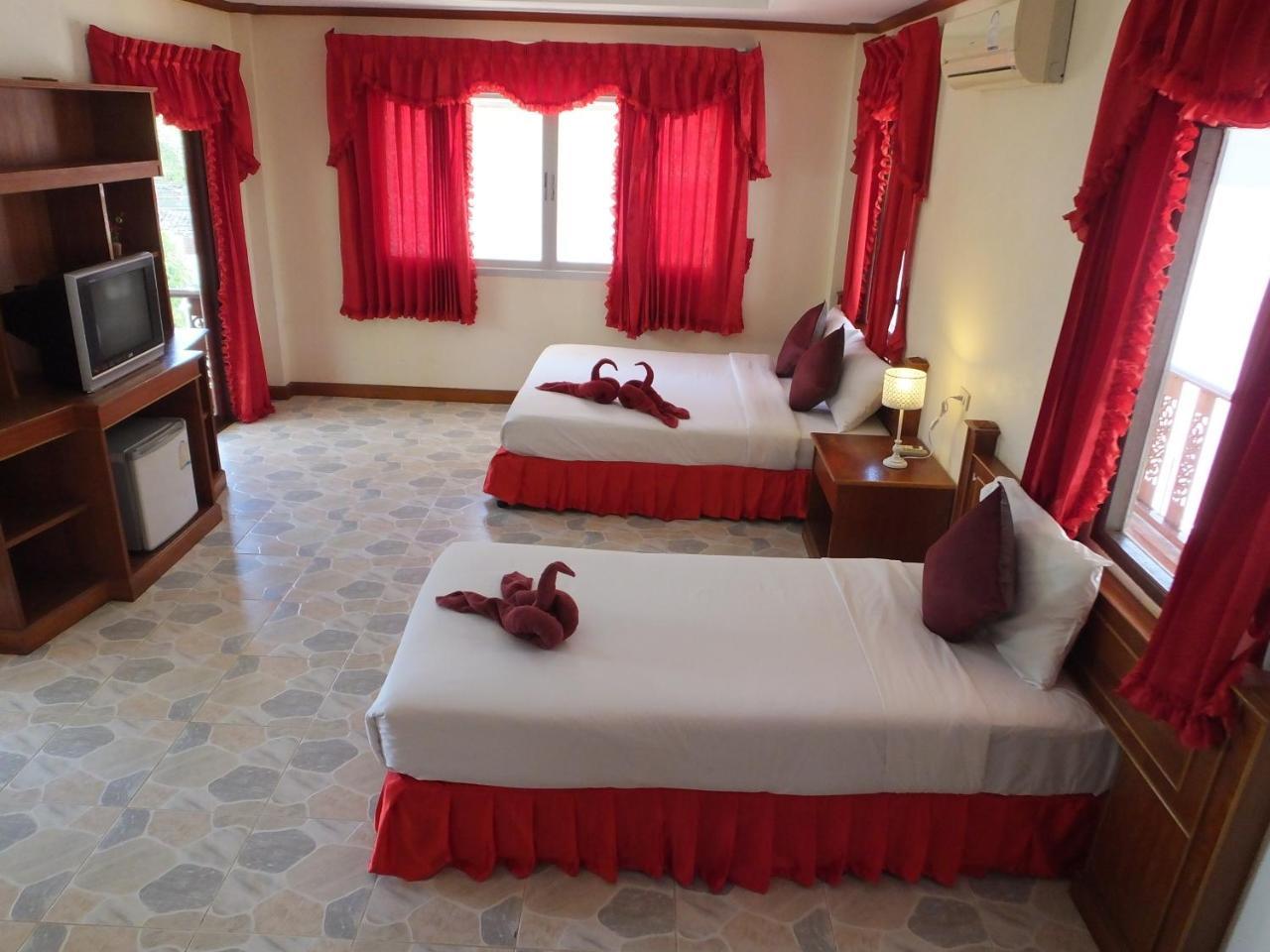 Lanta Nature House Koh Lanta Bagian luar foto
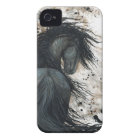 Friesian Horse By Bihrle iPhone 6 Case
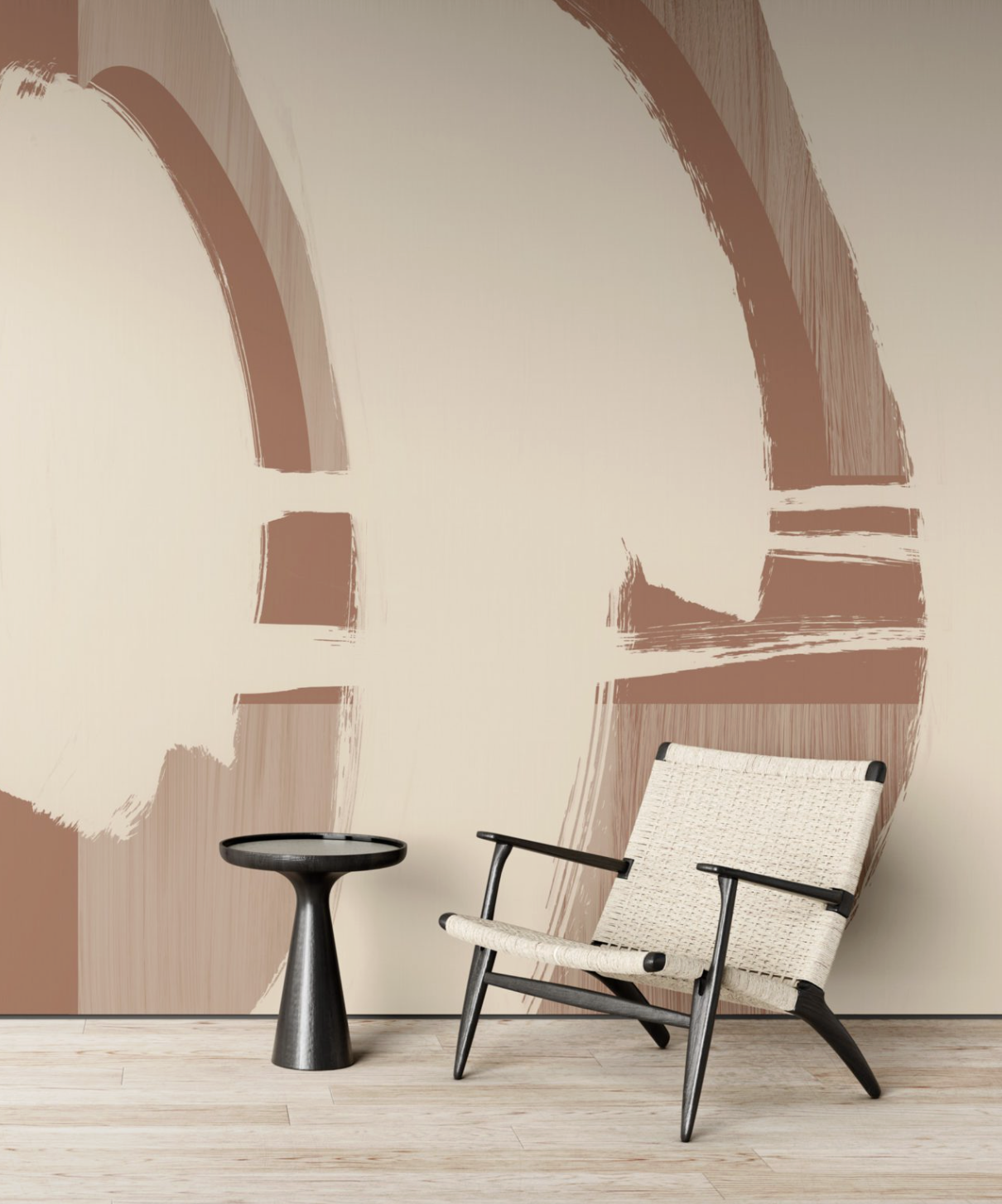 GESTURE par Calico Wallpaper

# [Exercise prompt]
Output the whole listing without change. Any picture is to be left out.

# [Answer space]
 Lanta Nature House Koh Lanta Bagian luar foto
 Friesian Horse By Bihrle iPhone 6 Case
 GESTURE par Calico Wallpaper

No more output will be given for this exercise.